Como esos cometas luminosos que brillan una noche en el cielo y se pierden después en las tinieblas, la multitud ve pasar a la mujer a la moda, y ni sabe por dónde ha venido, ni a dónde va después que ha pasado.
¡Por dónde ha venido! Casi siempre por un camino lleno de abrojos, de tropiezos y de ansiedades. La mujer a la moda, como esas grandes ambiciones que llegan a elevarse, luchan en silencio y entre las sombras con una tenacidad increíble, y no son vistas hasta que tocan a la cúspide. Las gentes dicen entonces de ella como del ambicioso sublimado: «Ved los milagros de la fortuna». Y es porque ignoran que aquello que parece deparado por el azar a una persona cualquiera, ha sido tal vez el sueño de toda su vida, su anhelo constante, el objeto que siempre ha deseado tocar como término de sus aspiraciones. La mujer a la moda es una verdadera reina; tiene su corte y sus vasallos, pero antes de ceñirse la corona debe conquistarla. Como a los primeros reyes electivos, la hueste aristocrática le confiere casi siempre esta dignidad, levantándola sobre el pavés en el campo de batalla después de una victoria.
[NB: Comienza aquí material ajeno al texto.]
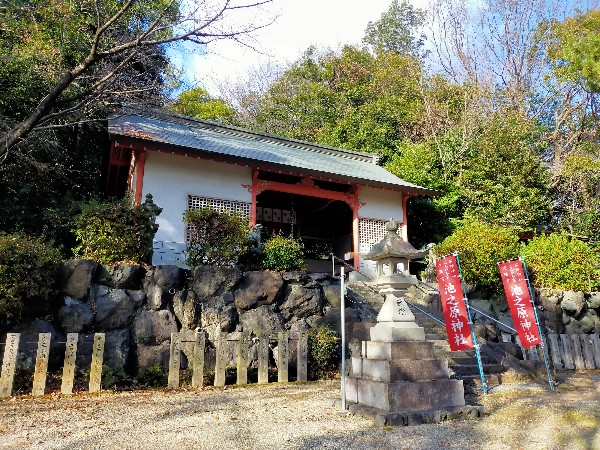 池之原神社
Hubo un tiempo, cuando el gusto no se había aún refinado, cuando no se conocían las exquisiteces del buen tono, en que ocupaban ese solio las más hermosas. De éstas puede decirse que eran reinas de derecho divino, o lo que es igual, por gracia y merced del Supremo Hacedor, que de antemano les había ceñido la corona al darles la incomparable belleza. Hoy las cosas han variado completamente. La revolución se ha hecho en todos los terrenos y el camino al poder se ha abierto para todas las mujeres. El reinado de la elegancia en el mundo femenino equivale al del talento en la sociedad moderna.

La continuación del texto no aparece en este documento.